Will you output the entries below exactly, skipping every image they contain?

→ **SUPPLIED DATA**

*****

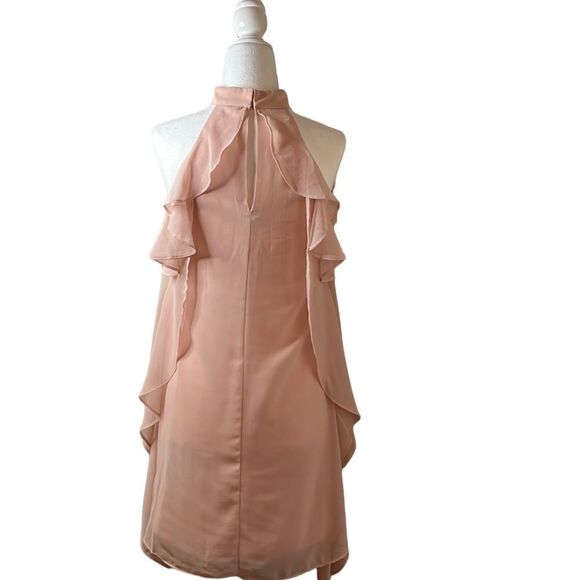 Bcbgeneration light pink blush sleeveless dress choker  + keyhole neck SZ XS - Picture 5 of 13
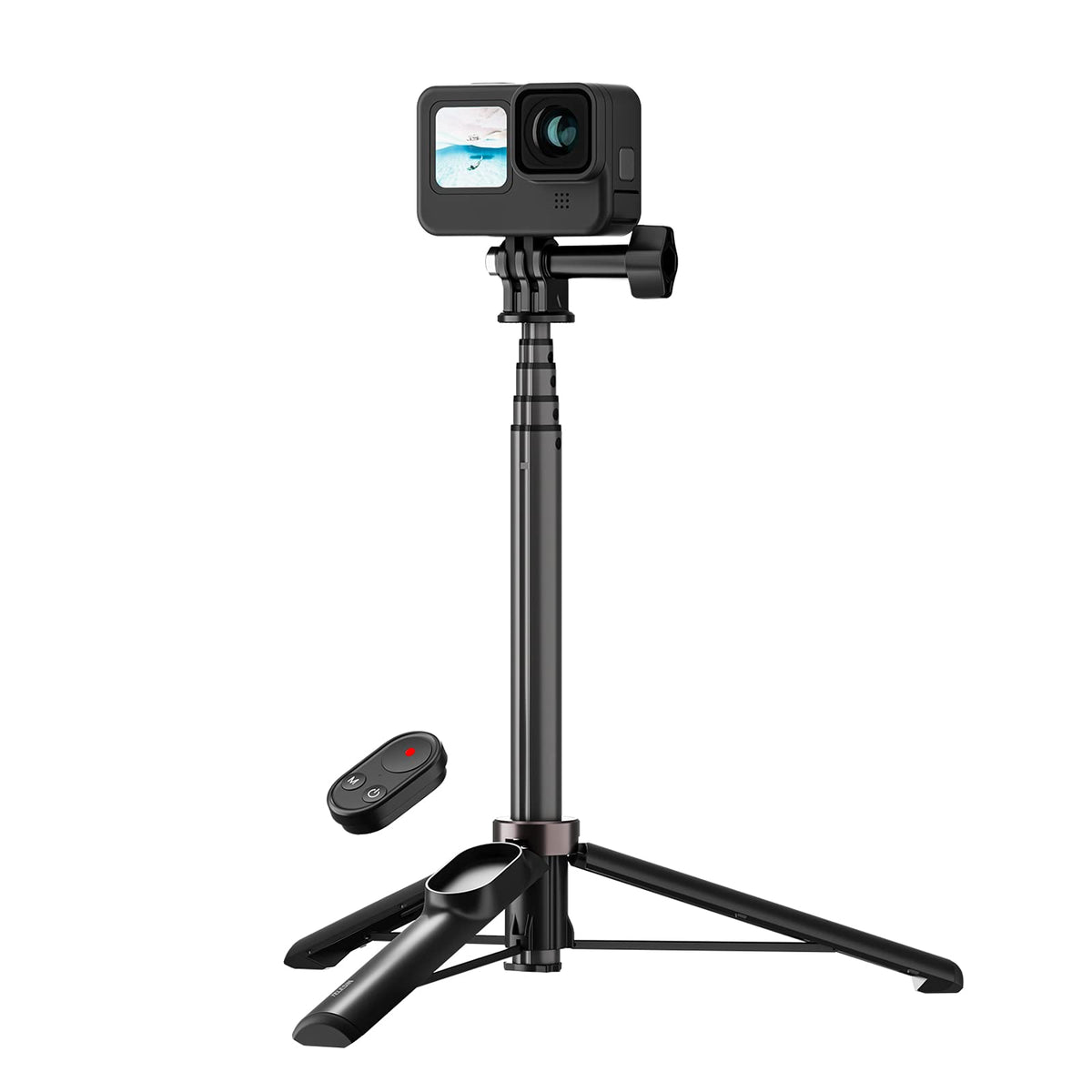 Telesin Wireless Remote Control Selfie Stick for GoPro HERO13/12/11/10/9/Max with Phone Holder Clip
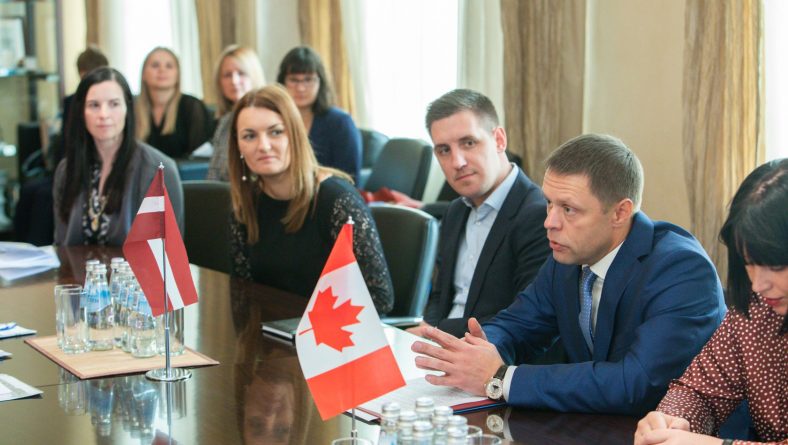 Edmontonas pašvaldības delegācijas vizīte Rīgā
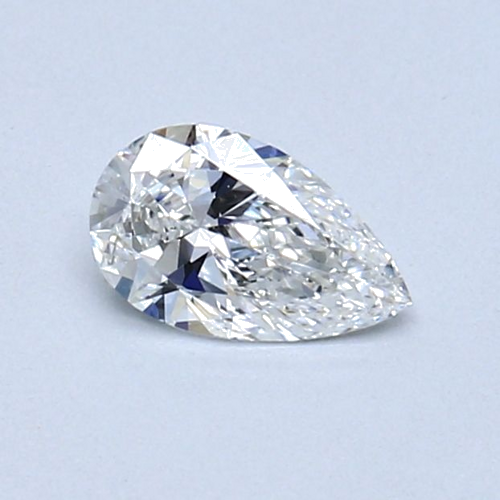 0.35 carat G-VS2 Natūralus Pear Deimantas (1)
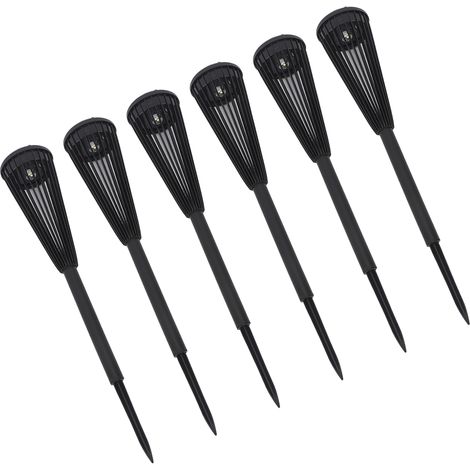 Set mit 6 dekorativen LED-Solar-Gartenleuchten, IP65 wasserdicht, mit intelligenter Erkennung und automatischer Zündung. (1/5)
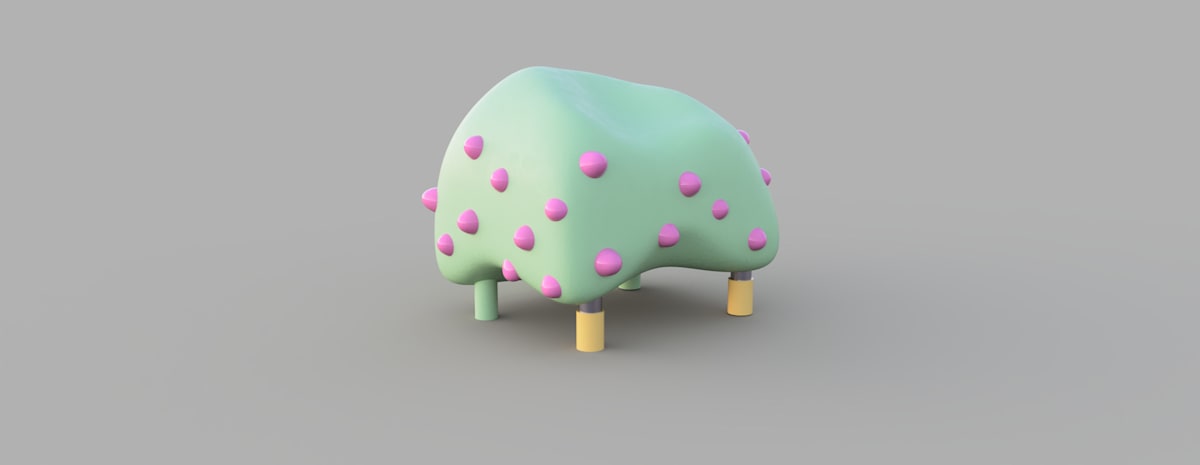 Frog Chair by Cecelia Plympton 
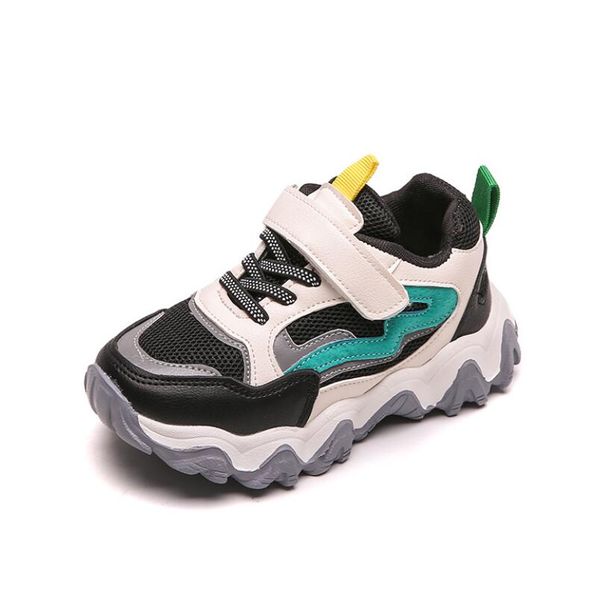 

2020 new spring kids shoes breathable boys girls sport shoes children casual sneakers baby running mesh canvas shoes, Black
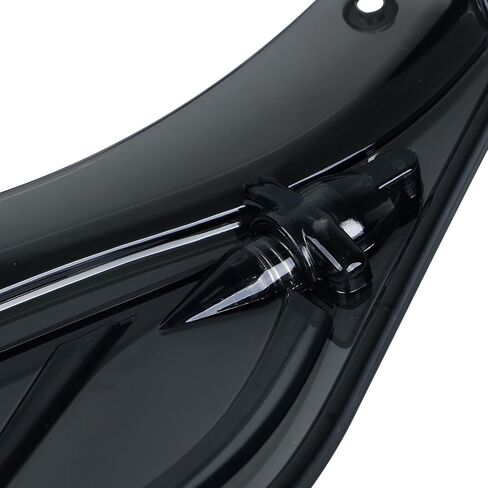 طقم عاكس هواء قابل للتعديل للدخان، عاكسات جانبية للأجنحة متوافقة مع Harley Touring Street Glide، Electra Glide، Trike، Ultra Classic، CVO 1996-2013 in Saudi Arabia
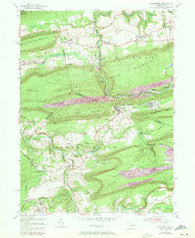 Nuremberg Pennsylvania Historical topographic map, 1:24000 scale, 7.5 X 7.5 Minute, Year 1955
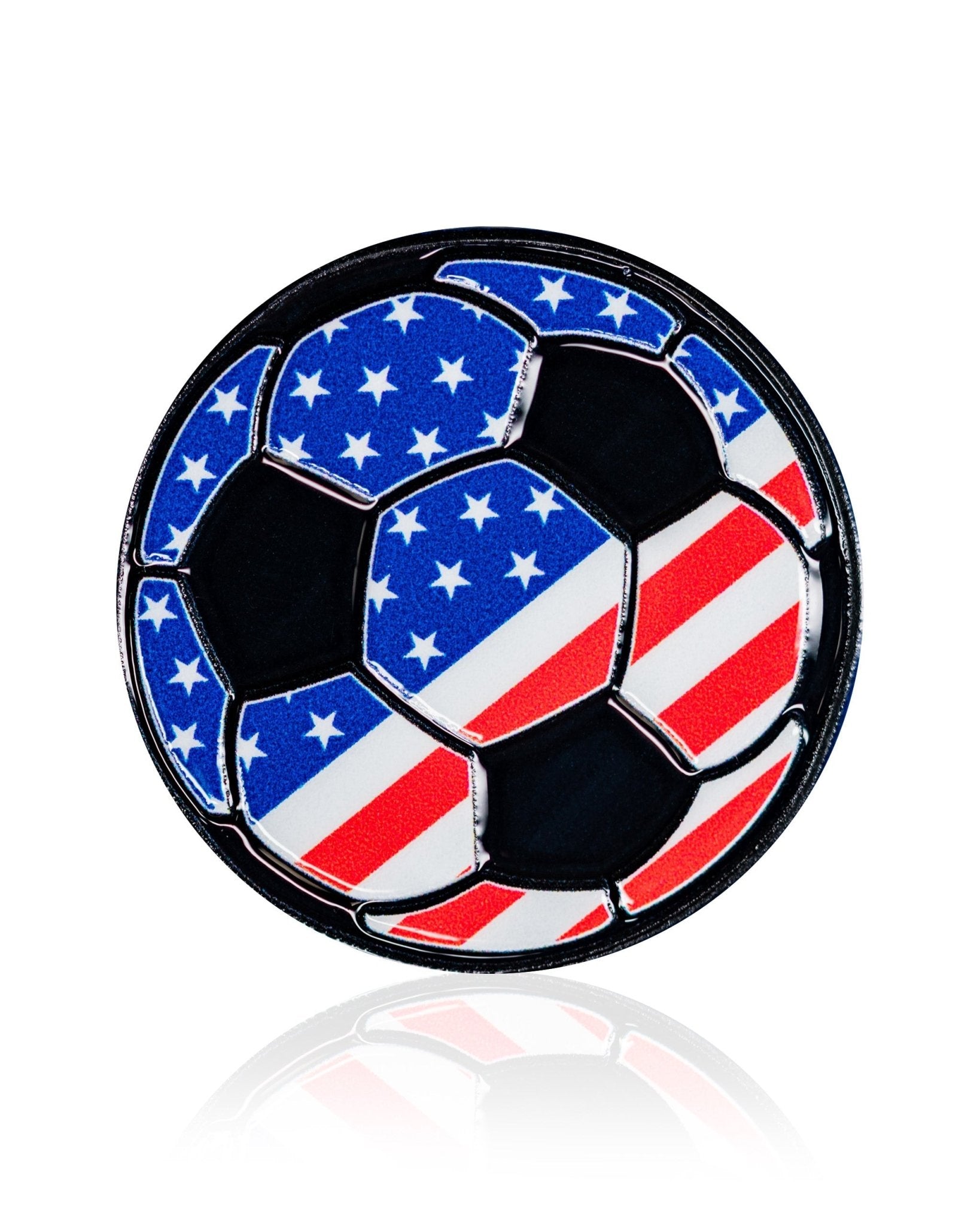 USA Soccer Ball - Ball Marker - Black Girl Golf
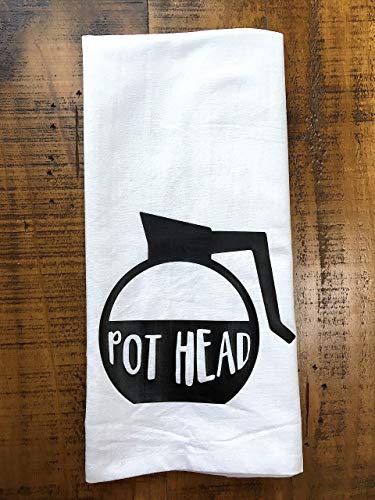 Pot Head Funny Kitchen Tea Towel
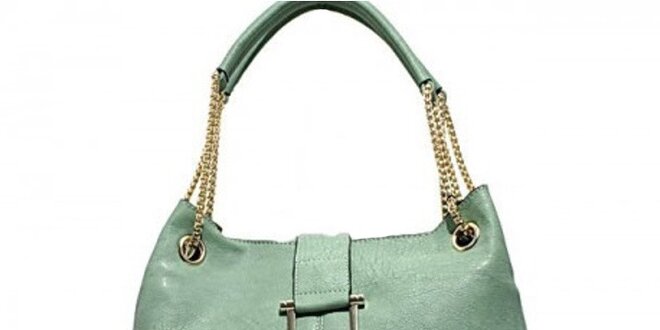 Dámska zelená kabelka s retiazkovými pútkami Bessie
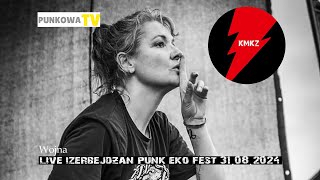 KMKZ  Wojna  live Izerbejdżan Punk Eko Fest 31082024 [upl. by Nylssej]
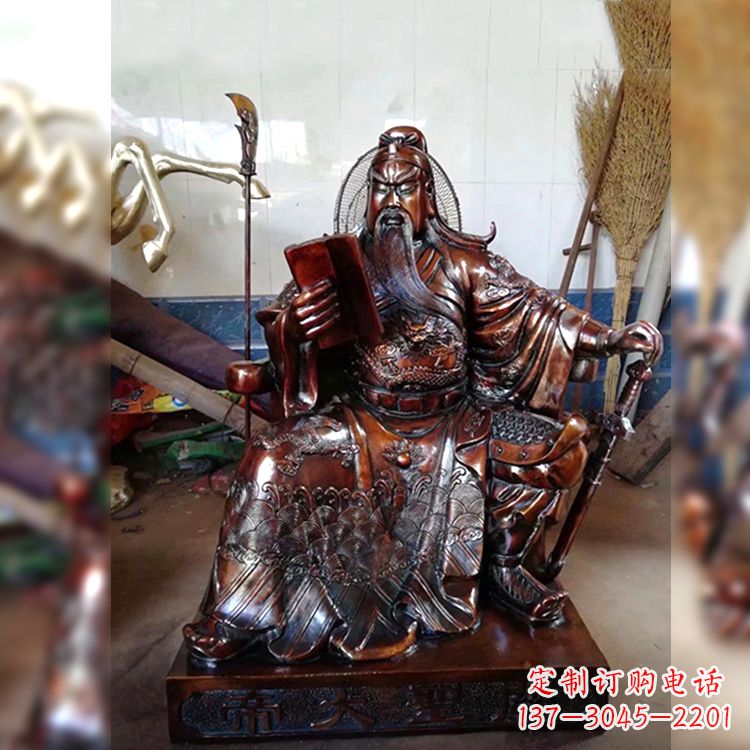 信阳关公雕塑传承中华文化的珍贵标志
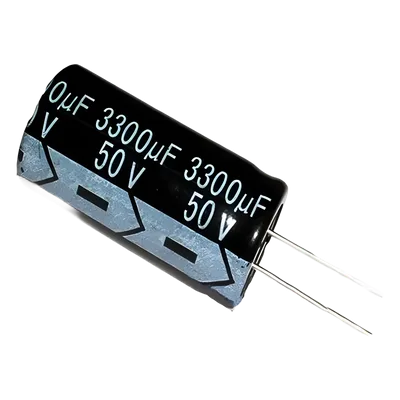 Capacitor Electrolítico Radial / 3300 µF / 50 V / Tolerancia ±20% / -40 °C a +85 °C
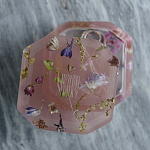 Шкатулка из эпоксидной смолы с цветами розовая Epoxy Resin Square Box Pink варинант исполнения - 6 | Loft Concept в Тюмени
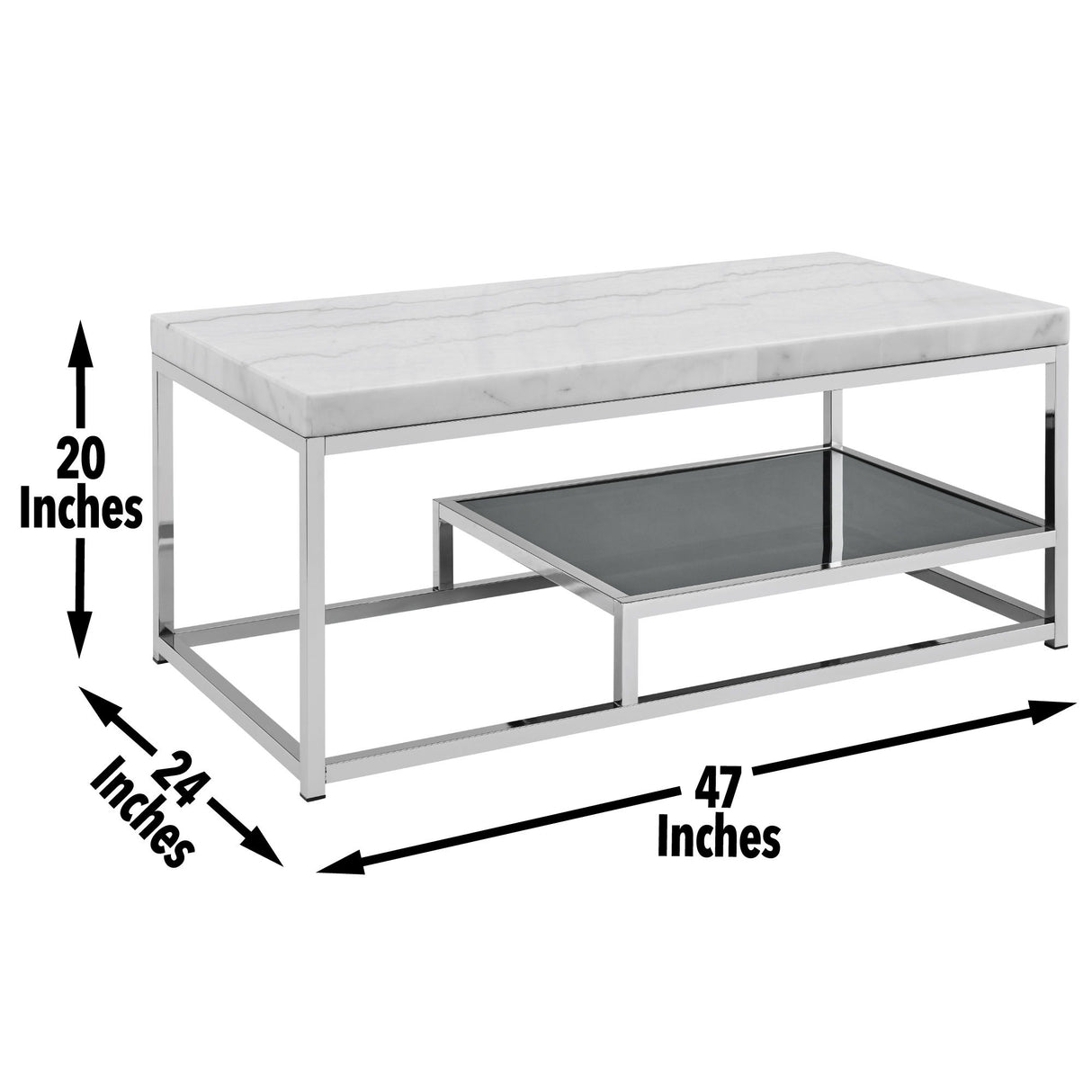 Aston - White Marble Top Table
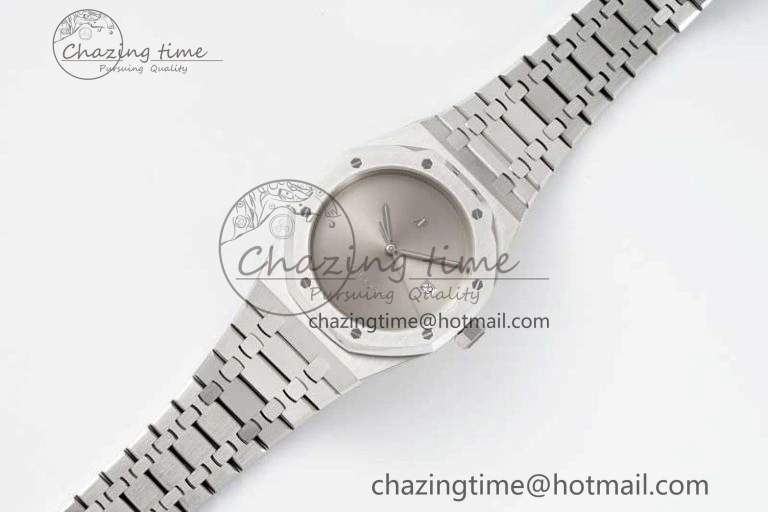 Royal Oak 41mm 1017 ALYX 9SM SS APSF Best Edition Silver Dial on SS Bracelet SA3120 Super Clone WrinkleFree 4626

*****

→ **RESPONSE TO THE TASK**
 Bcbgeneration light pink blush sleeveless dress choker  + keyhole neck SZ XS - Picture 5 of 13
 Telesin Wireless Remote Control Selfie Stick for GoPro HERO13/12/11/10/9/Max with Phone Holder Clip
 Edmontonas pašvaldības delegācijas vizīte Rīgā
 0.35 carat G-VS2 Natūralus Pear Deimantas (1)
 Set mit 6 dekorativen LED-Solar-Gartenleuchten, IP65 wasserdicht, mit intelligenter Erkennung und automatischer Zündung. (1/5)
 Frog Chair by Cecelia Plympton 

2020 new spring kids shoes breathable boys girls sport shoes children casual sneakers baby running mesh canvas shoes, Black
 طقم عاكس هواء قابل للتعديل للدخان، عاكسات جانبية للأجنحة متوافقة مع Harley Touring Street Glide، Electra Glide، Trike، Ultra Classic، CVO 1996-2013 in Saudi Arabia
 Nuremberg Pennsylvania Historical topographic map, 1:24000 scale, 7.5 X 7.5 Minute, Year 1955
 USA Soccer Ball - Ball Marker - Black Girl Golf
 Pot Head Funny Kitchen Tea Towel
 Dámska zelená kabelka s retiazkovými pútkami Bessie
 KMKZ  Wojna  live Izerbejdżan Punk Eko Fest 31082024 [upl. by Nylssej]
 信阳关公雕塑传承中华文化的珍贵标志
 Capacitor Electrolítico Radial / 3300 µF / 50 V / Tolerancia ±20% / -40 °C a +85 °C
 Шкатулка из эпоксидной смолы с цветами розовая Epoxy Resin Square Box Pink варинант исполнения - 6 | Loft Concept в Тюмени
 Aston - White Marble Top Table
 Royal Oak 41mm 1017 ALYX 9SM SS APSF Best Edition Silver Dial on SS Bracelet SA3120 Super Clone WrinkleFree 4626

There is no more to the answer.